Start of Data section

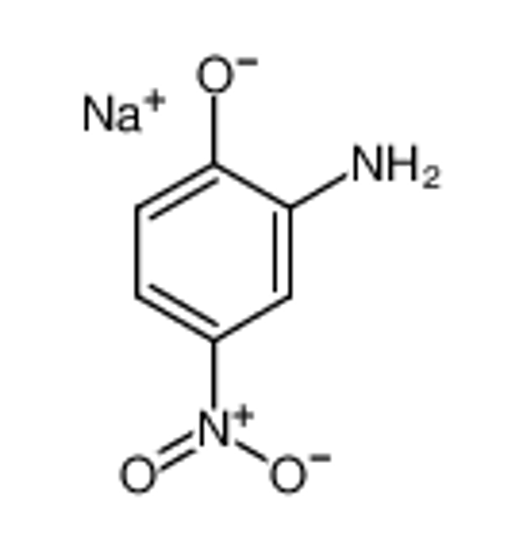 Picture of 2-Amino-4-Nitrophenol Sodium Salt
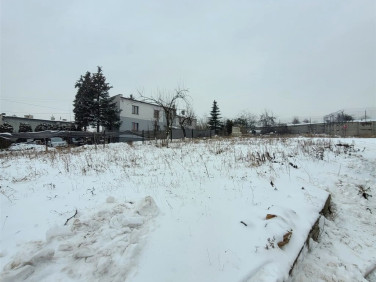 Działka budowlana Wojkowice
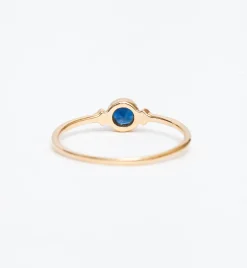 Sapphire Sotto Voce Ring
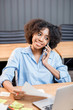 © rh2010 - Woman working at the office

End of Data section
Start of Data section

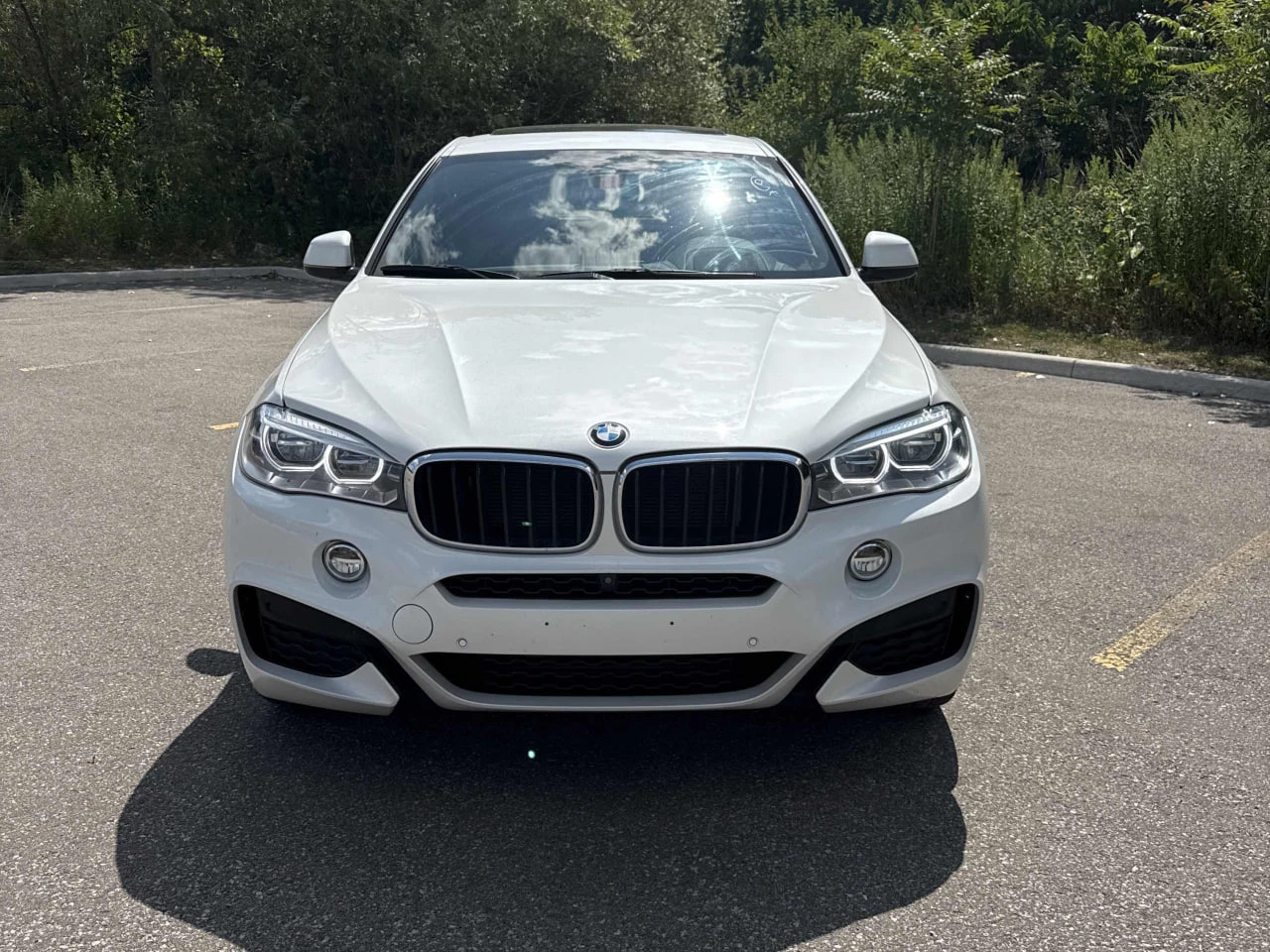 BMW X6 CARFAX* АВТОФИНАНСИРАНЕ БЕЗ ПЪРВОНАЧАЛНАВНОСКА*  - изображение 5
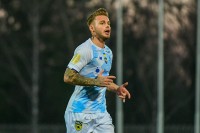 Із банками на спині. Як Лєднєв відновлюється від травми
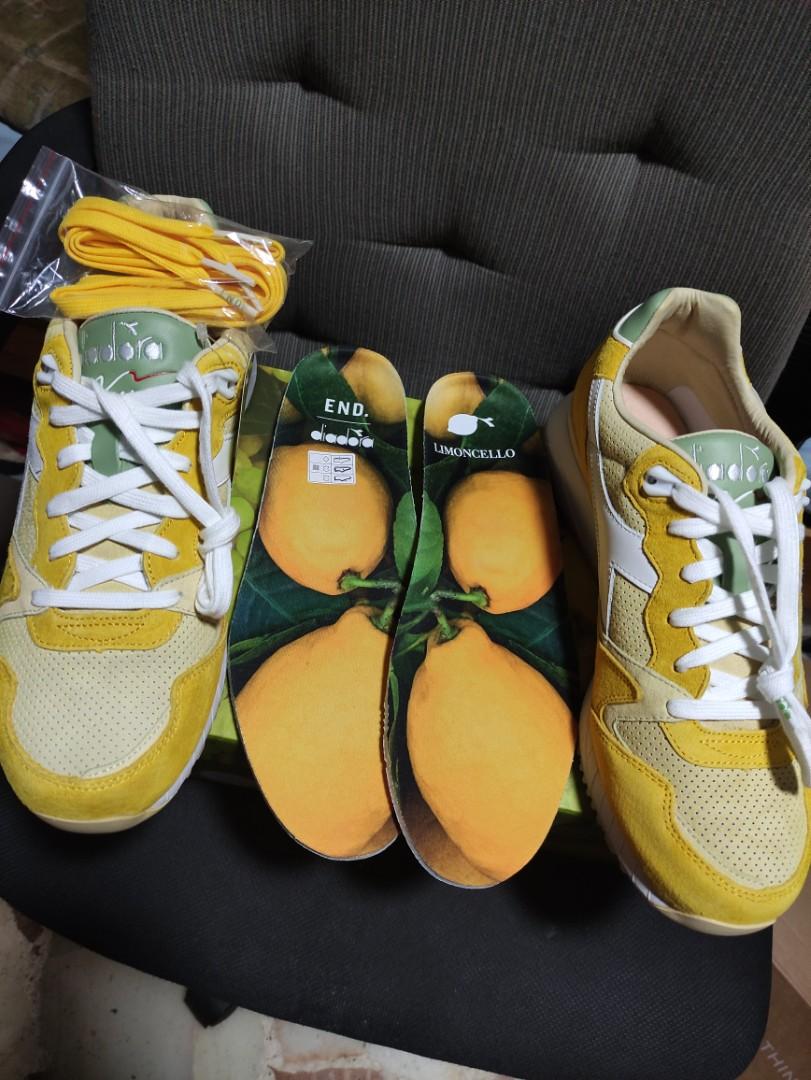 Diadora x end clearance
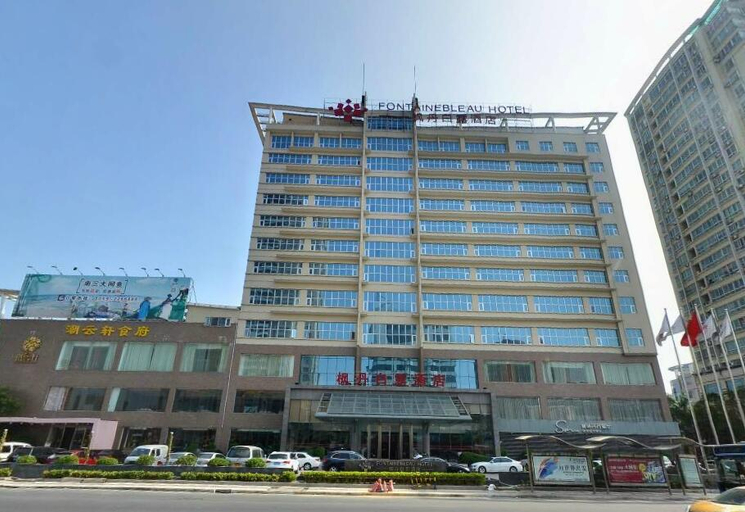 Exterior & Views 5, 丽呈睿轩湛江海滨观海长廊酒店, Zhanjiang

End of Data section
Start of Data section

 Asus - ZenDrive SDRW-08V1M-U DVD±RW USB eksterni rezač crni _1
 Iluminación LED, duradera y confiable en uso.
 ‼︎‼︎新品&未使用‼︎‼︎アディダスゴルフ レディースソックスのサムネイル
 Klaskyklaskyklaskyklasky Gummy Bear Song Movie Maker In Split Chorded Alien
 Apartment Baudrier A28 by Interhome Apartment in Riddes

End of Data section

▸ **What you will do**: Without the pictures, set down the lines above from the line with "Picture of 2-Amino-4-Nitrophenol Sodium Salt" up to and including the line with "at the office" exactly as they stand.

▸ **Response to this exercise**:
 Picture of 2-Amino-4-Nitrophenol Sodium Salt
 Działka budowlana Wojkowice
 Sapphire Sotto Voce Ring
 © rh2010 - Woman working at the office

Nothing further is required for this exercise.